The original Alerion, a 26ft daysailer designed in 1912 by the legendary Capt. Nat Herreshoff for his own use, is one of the most iconic small sailboats ever created. Boats faithful to the original design are still built from time to time, and of course one modern builder has chosen the hallowed name for its own line of high-end retro-style boats.
This most recent variation was born when a knowledgeable owner, Michael Rindler, came to French & Webb in Belfast, Maine, seeking an Alerion-style daysailer in cold-molded wood, but much stiffer and less hard-mouthed than the original boat, which carried a long shoal keel and centerboard. French & Webb, in turn, called in designer Chuck Paine to update and fine-tune the hull form and rig, but otherwise allowed its build team, led by Jeremy Gage, to craft the boat by eye as it went along. The resulting vessel—complete with a deep full keel and a distinctive oval cockpit-and-cabinhouse footprint that at once sets it apart from Herreshoff’s Alerion—thus has a very organic aesthetic.
The hull is laminated fir and mahogany set in epoxy and sheathed with vacuum-bagged 11-oz. E-glass. The half-inch marine plywood deck is traditionally framed with Douglas fir beams beneath it and is skinned with 9-oz.

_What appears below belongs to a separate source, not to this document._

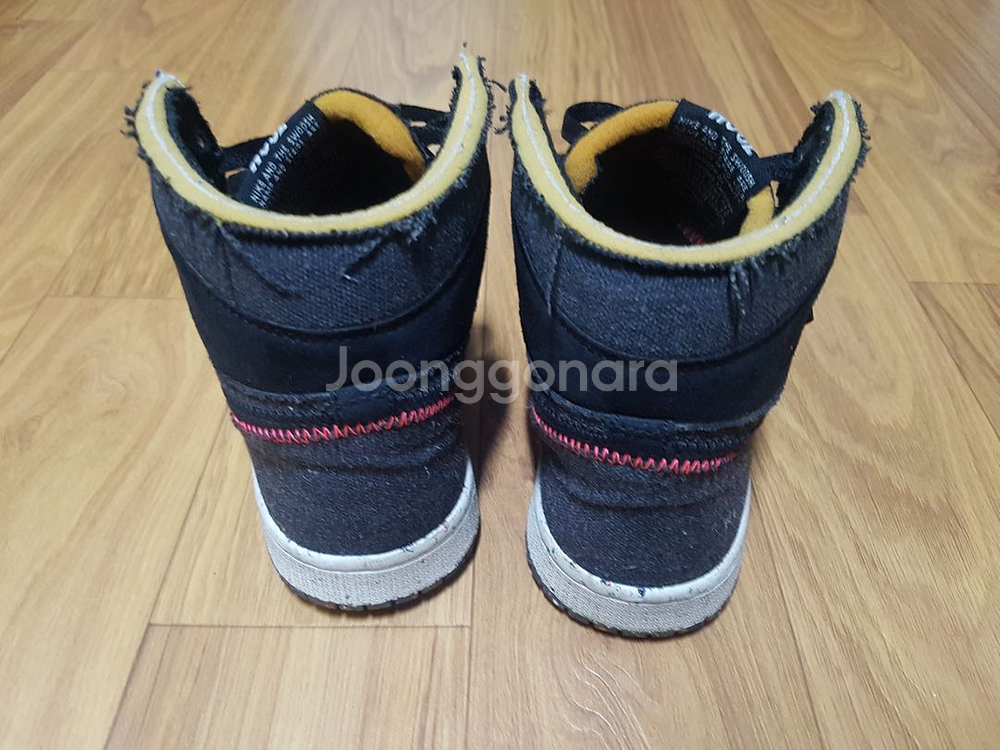 중고 나이키 조던1 줌 크레이터 260--1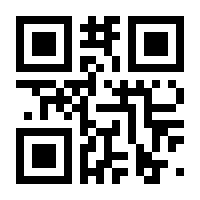 QR-Code zur Seite https://www.isbn.de/9783982472904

E-glass. All of the interior and exterior joinery was crafted from a single slab of mahogany, so it is perfectly color matched.
The rig, custom-crafted in carbon fiber by Forte, is elegantly simple, with cap shrouds and a single set of lower shrouds with no diamond stays supporting a very fractional sailplan. The hardware is all Herreshoff-style bronze, either fabricated in-house by French & Webb or supplied by J.M. Reineck & Son. Auxiliary propulsion comes courtesy of a Mastervolt Drivemaster electric motor powered by a Mastervolt Slimline AGM battery bank that in turn is fed by a pair of 40-watt Ganz solar panels that are laid out on the cockpit sole when the boat is idle.
I sailed Rindler’s new boat, named Bella Luna, with Todd French and Art Paine, Chuck’s twin brother, out of Southwest Harbor, Maine, on a gorgeous September afternoon. Quite honestly, I have never before sailed such a well-balanced full-keel boat with an entirely unbalanced attached rudder. It really is a bit uncanny. Sailing in everything from ghosty-light to gusty strong conditions, I found no lee helm at all and just the right amount of weather helm. The boat is also easily driven and quite quick for a full-keel vessel, while at the same time being very stiff and weatherly.
The cockpit ergonomics are spectacular. The broad bench seats are perfectly pitched, and the coamings are nice and high. The simple sail controls fall easily to hand. As befits a bespoke traditional daysailer, the boat boasts a very elegant, yet minimalist interior inside the small cuddy cabin forward. Trimmed in fine beaded paneling painted Herreshoff white, the furnishings include a pair of single-seat settees and a large V-berth, under which lurks a proper fully plumbed marine head in an easily accessed hide-away compartment
It seems everyone who meets this boat, myself included, is entirely captivated by it. French & Webb therefore are eager to build more and are billing it as the Sadie 27, after the very first Alerion knock-off, a refined near-sister to the original that Nat Herreshoff himself designed in 1914. If you are on the lookout for a classic daysailer with modern appointments you’d do well to suss it out.